In my opinion the #1 risk for corruption is user/client error with the timestamps.  Over time, Cassandra flushes data from memory to disks.  After it flushes to disk, Cassandra doesn't go back to delete or modify that data.  Because of this, deletes are performed by writing a "tombstone" to disk.  This can lead to corruption if you attempt to change the timestamps your clients are producing after data has been inserted.  For example, if you originally were using microseconds for timestamps, you may have inserted a record with a timestamp of 1234567000000.  If you switched your Cassandra clients to use seconds for the timestamp and attempted to delete a record 1 second later, the tombstone would be placed at 1234567, and since 1234567 < 1234567000000 the record would not be deleted.  A de-facto standard of microseconds has been recommended to clients, but it's important to ensure consistency if you switch clients or start using a client in a different language.

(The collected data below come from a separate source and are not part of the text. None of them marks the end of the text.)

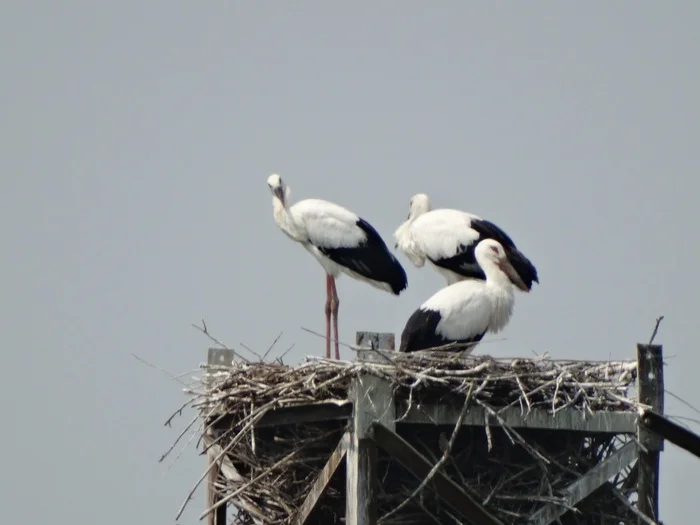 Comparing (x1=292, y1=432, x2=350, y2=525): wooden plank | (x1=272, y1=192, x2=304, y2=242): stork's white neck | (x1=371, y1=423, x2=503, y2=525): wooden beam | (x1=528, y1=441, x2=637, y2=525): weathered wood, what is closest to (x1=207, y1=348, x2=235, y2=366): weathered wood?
(x1=292, y1=432, x2=350, y2=525): wooden plank

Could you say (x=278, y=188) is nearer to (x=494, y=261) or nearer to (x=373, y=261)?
(x=373, y=261)

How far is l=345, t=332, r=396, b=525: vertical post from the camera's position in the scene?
22.6 feet

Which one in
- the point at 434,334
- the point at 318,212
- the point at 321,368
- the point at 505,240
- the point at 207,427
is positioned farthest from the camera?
the point at 318,212

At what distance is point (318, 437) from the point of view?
7.53 m

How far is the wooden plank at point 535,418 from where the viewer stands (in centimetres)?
710

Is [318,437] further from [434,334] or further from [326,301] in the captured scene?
[326,301]

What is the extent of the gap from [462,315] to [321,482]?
6.81 ft

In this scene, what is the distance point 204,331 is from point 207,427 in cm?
70

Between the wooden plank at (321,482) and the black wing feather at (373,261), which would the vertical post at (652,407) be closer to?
the wooden plank at (321,482)

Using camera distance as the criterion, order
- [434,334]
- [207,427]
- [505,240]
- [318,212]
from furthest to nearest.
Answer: [318,212] → [505,240] → [434,334] → [207,427]

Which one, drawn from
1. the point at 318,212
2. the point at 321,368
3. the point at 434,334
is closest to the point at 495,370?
the point at 321,368

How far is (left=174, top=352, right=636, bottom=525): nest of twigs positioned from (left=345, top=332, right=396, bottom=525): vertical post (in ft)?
0.19

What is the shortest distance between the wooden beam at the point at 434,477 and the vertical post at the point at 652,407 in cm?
75

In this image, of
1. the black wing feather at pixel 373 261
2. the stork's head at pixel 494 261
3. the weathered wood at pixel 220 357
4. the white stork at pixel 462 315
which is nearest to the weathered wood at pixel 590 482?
the white stork at pixel 462 315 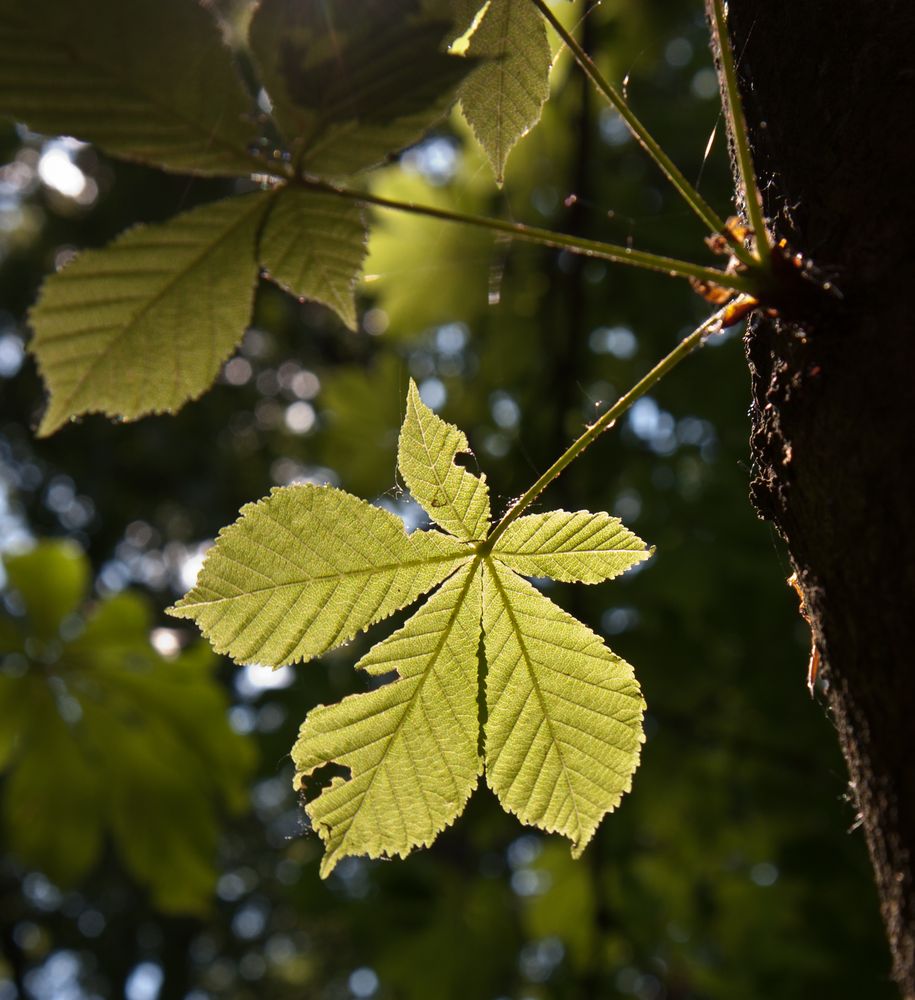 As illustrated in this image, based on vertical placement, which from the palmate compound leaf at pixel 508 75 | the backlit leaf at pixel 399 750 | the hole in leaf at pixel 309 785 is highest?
the palmate compound leaf at pixel 508 75

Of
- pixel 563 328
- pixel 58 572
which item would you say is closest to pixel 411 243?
pixel 563 328

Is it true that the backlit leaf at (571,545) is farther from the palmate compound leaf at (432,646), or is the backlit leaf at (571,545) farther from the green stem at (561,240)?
the green stem at (561,240)

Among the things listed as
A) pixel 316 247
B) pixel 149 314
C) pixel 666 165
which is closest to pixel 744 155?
pixel 666 165

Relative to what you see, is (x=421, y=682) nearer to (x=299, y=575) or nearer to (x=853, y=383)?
(x=299, y=575)

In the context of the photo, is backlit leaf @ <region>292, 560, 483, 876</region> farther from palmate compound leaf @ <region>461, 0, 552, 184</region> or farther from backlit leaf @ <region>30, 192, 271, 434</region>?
palmate compound leaf @ <region>461, 0, 552, 184</region>

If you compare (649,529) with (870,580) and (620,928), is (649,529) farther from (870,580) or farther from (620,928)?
(870,580)

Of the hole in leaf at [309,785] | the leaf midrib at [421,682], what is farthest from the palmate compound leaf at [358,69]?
the hole in leaf at [309,785] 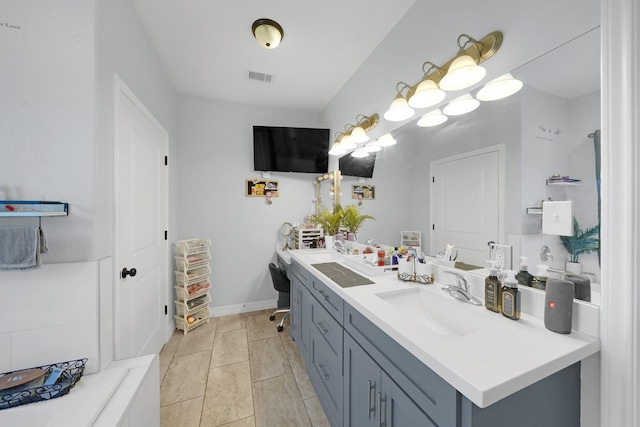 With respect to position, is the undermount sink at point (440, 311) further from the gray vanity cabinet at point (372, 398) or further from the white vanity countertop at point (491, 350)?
the gray vanity cabinet at point (372, 398)

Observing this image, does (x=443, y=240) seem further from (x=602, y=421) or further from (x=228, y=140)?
(x=228, y=140)

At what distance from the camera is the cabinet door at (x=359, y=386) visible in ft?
3.21

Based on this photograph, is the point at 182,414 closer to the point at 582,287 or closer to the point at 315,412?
the point at 315,412

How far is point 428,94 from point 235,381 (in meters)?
2.43

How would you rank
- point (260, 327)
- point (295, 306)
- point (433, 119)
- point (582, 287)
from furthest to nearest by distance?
point (260, 327) < point (295, 306) < point (433, 119) < point (582, 287)

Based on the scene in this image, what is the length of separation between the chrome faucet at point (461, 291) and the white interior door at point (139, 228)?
1901 mm

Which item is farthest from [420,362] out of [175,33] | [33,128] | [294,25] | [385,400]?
[175,33]

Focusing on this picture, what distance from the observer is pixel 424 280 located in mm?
1344

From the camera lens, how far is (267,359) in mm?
2086

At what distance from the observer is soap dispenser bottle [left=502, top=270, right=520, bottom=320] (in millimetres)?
908

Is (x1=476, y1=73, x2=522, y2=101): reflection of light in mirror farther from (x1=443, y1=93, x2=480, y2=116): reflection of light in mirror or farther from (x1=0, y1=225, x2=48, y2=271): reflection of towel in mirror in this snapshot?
(x1=0, y1=225, x2=48, y2=271): reflection of towel in mirror

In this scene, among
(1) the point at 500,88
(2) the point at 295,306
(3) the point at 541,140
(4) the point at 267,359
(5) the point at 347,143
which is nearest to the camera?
(3) the point at 541,140

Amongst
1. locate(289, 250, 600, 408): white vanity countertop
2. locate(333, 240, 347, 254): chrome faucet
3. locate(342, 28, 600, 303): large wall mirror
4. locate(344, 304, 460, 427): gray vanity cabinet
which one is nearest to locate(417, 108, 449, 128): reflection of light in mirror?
locate(342, 28, 600, 303): large wall mirror

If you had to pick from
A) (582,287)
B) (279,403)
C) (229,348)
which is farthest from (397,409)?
(229,348) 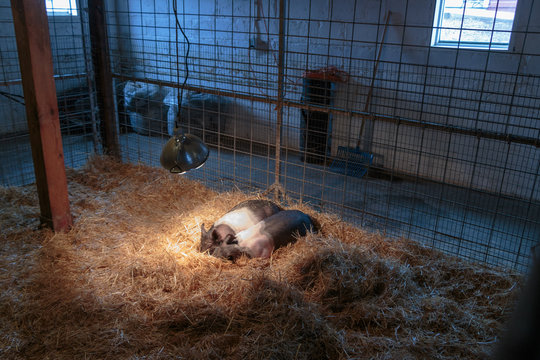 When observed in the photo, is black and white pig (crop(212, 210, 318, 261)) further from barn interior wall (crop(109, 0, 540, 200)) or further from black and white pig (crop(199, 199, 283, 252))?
barn interior wall (crop(109, 0, 540, 200))

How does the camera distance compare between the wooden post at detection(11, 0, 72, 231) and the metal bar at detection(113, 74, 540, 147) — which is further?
the wooden post at detection(11, 0, 72, 231)

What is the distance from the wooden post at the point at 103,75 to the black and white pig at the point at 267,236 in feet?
9.59

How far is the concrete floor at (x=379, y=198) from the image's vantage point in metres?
4.47

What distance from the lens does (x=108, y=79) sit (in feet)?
18.7

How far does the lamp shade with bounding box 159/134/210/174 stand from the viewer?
3.23m

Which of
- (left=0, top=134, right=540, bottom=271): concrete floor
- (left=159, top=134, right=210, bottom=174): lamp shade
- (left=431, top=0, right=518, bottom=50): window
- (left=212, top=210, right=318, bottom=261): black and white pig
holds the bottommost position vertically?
(left=0, top=134, right=540, bottom=271): concrete floor

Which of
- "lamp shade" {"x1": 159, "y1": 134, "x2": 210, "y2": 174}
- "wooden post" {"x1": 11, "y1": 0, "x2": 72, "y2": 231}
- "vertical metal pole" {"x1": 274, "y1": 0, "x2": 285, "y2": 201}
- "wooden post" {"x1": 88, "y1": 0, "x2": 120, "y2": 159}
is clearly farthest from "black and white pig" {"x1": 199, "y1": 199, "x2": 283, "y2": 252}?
"wooden post" {"x1": 88, "y1": 0, "x2": 120, "y2": 159}

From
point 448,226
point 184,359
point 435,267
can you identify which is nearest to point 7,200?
point 184,359

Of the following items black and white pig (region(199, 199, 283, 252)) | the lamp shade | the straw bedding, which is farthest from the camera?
black and white pig (region(199, 199, 283, 252))

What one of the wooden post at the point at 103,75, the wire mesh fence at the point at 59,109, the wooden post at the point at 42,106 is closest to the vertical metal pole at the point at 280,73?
the wooden post at the point at 42,106

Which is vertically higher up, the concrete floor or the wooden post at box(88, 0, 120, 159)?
the wooden post at box(88, 0, 120, 159)

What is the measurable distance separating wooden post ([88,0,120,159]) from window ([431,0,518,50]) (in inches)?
160

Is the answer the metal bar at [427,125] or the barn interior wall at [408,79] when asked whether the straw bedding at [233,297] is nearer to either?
the metal bar at [427,125]

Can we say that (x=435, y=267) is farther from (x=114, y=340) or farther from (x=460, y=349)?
(x=114, y=340)
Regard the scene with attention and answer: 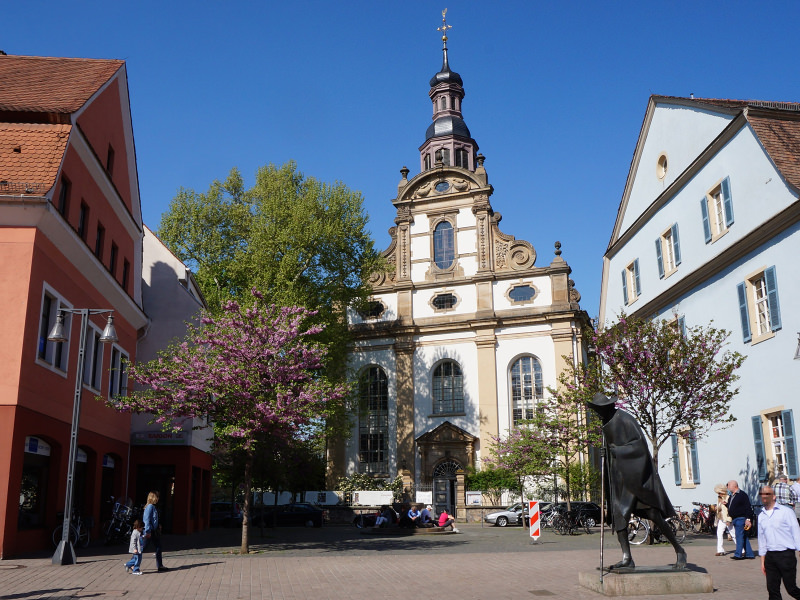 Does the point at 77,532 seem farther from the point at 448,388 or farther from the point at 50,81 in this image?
the point at 448,388

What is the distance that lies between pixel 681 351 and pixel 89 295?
49.9 feet

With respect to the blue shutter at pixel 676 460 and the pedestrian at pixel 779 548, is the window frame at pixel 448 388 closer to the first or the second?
the blue shutter at pixel 676 460

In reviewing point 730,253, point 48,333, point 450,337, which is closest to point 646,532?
point 730,253

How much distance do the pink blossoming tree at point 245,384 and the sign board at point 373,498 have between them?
74.4 ft

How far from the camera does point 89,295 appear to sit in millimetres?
19406

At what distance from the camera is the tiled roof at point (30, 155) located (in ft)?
49.6

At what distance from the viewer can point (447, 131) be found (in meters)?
49.8

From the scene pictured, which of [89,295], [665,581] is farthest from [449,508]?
[665,581]

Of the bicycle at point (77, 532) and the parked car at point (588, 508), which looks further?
the parked car at point (588, 508)

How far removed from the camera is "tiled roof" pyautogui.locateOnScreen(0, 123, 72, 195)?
1512 centimetres

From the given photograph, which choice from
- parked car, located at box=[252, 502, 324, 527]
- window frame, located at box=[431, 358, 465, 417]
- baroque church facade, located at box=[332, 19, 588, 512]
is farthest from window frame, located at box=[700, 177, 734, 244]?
parked car, located at box=[252, 502, 324, 527]

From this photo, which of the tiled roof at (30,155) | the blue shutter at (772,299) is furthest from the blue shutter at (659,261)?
the tiled roof at (30,155)

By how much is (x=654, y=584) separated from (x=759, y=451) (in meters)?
10.6

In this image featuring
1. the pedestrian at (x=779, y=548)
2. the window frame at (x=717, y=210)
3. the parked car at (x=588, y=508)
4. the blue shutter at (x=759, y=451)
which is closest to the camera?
the pedestrian at (x=779, y=548) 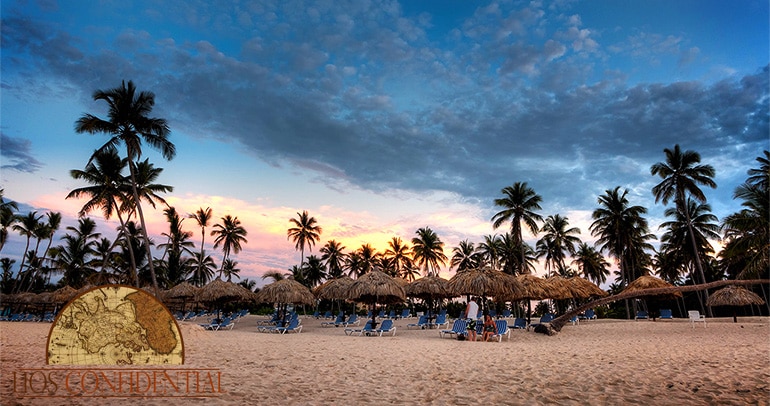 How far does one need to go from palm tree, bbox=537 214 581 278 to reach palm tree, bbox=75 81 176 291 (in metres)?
36.4

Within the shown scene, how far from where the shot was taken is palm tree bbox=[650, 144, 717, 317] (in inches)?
1156

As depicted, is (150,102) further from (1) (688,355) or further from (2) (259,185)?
(1) (688,355)

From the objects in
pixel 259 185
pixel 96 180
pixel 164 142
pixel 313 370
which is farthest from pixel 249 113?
pixel 313 370

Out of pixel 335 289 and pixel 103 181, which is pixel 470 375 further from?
pixel 103 181

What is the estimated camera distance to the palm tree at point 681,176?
96.4 ft

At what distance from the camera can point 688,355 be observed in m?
9.85

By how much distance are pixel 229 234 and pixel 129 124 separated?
87.5 ft

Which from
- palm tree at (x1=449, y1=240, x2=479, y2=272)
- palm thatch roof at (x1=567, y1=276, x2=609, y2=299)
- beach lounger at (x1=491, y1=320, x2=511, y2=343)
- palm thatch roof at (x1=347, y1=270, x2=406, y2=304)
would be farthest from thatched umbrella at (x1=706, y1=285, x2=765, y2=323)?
palm tree at (x1=449, y1=240, x2=479, y2=272)

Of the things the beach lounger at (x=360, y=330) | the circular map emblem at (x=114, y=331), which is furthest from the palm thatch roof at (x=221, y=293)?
the circular map emblem at (x=114, y=331)

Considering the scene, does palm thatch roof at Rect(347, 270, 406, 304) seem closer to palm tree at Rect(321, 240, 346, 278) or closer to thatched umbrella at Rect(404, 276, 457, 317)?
thatched umbrella at Rect(404, 276, 457, 317)

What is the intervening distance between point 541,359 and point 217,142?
15373 mm

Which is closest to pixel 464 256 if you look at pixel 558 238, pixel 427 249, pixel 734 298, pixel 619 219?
pixel 427 249

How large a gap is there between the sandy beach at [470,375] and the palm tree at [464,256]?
116 feet

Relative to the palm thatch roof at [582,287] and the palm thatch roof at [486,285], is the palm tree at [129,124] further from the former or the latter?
the palm thatch roof at [582,287] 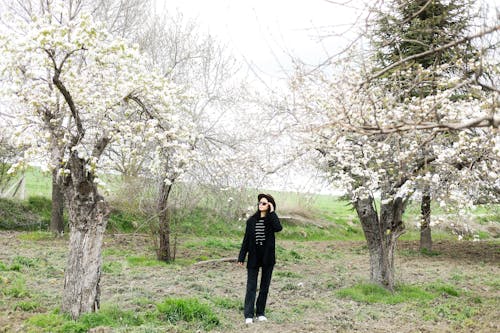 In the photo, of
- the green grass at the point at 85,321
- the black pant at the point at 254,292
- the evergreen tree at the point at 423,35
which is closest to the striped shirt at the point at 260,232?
the black pant at the point at 254,292

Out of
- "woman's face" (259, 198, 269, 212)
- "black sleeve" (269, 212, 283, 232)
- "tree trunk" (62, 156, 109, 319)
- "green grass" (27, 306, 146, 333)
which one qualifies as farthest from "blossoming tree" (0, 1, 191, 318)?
"black sleeve" (269, 212, 283, 232)

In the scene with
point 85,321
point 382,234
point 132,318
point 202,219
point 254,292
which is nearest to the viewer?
point 85,321

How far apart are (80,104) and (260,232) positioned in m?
3.26

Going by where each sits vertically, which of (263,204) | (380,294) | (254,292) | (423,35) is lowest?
(380,294)

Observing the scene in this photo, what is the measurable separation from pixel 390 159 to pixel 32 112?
640cm

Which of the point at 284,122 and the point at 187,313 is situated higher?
the point at 284,122

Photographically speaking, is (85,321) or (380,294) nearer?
(85,321)

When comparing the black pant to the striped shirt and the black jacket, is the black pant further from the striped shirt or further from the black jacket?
the striped shirt

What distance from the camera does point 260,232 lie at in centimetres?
721

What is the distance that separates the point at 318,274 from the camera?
39.4ft

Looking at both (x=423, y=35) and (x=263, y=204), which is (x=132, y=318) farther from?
(x=423, y=35)

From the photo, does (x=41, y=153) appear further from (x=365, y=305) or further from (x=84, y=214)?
(x=365, y=305)

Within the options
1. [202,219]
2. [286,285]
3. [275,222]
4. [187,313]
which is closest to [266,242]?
[275,222]

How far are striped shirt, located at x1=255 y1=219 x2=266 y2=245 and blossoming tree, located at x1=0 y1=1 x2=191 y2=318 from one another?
6.40ft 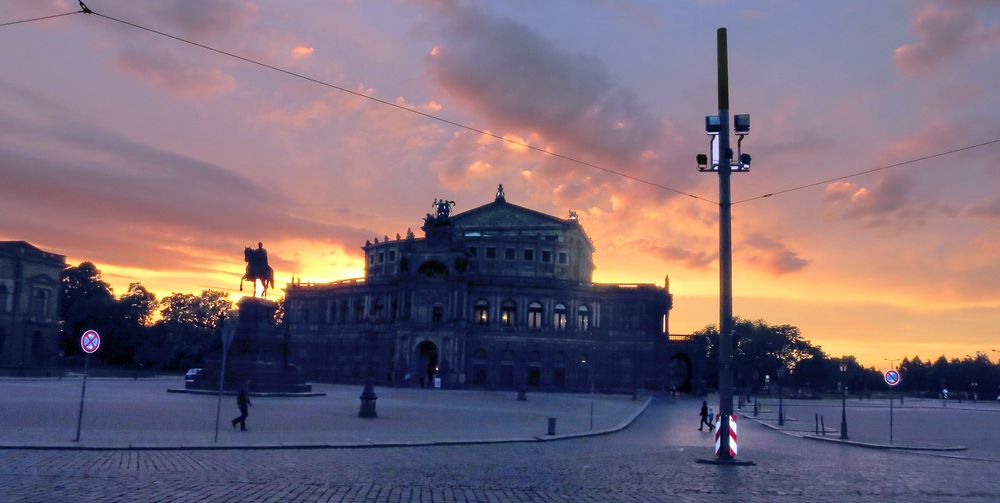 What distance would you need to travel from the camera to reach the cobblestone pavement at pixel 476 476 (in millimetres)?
13602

More discussion on timestamps: http://comments.gmane.org/gmane.comp.db.cassandra.devel/1165

-Ben


On Tue, Jun 8, 2010 at 10:45 PM, Hector Urroz <hector@magpieti.com> wrote:
Hi all,

We're starting to prototype Cassandra for use in a production system and became concerned about data corruption after reading the excellent article:
where Evan Weaver writes:

"Cassandra is an alpha product and could, theoretically, lose your data. In particular, if you change the schema specified in the storage-conf.xml file, you must follow these instructions carefully, or corruption will occur (this is going to be fixed). Also, the on-disk storage format is subject to change, making upgrading a bit difficult."

Is database corruption a well-known or common problem with Cassandra? What sources of information would you recommend to help devise a strategy to minimize corruption risk, and to detect and recover when corruption does occur?

Thanks,

Hector Urroz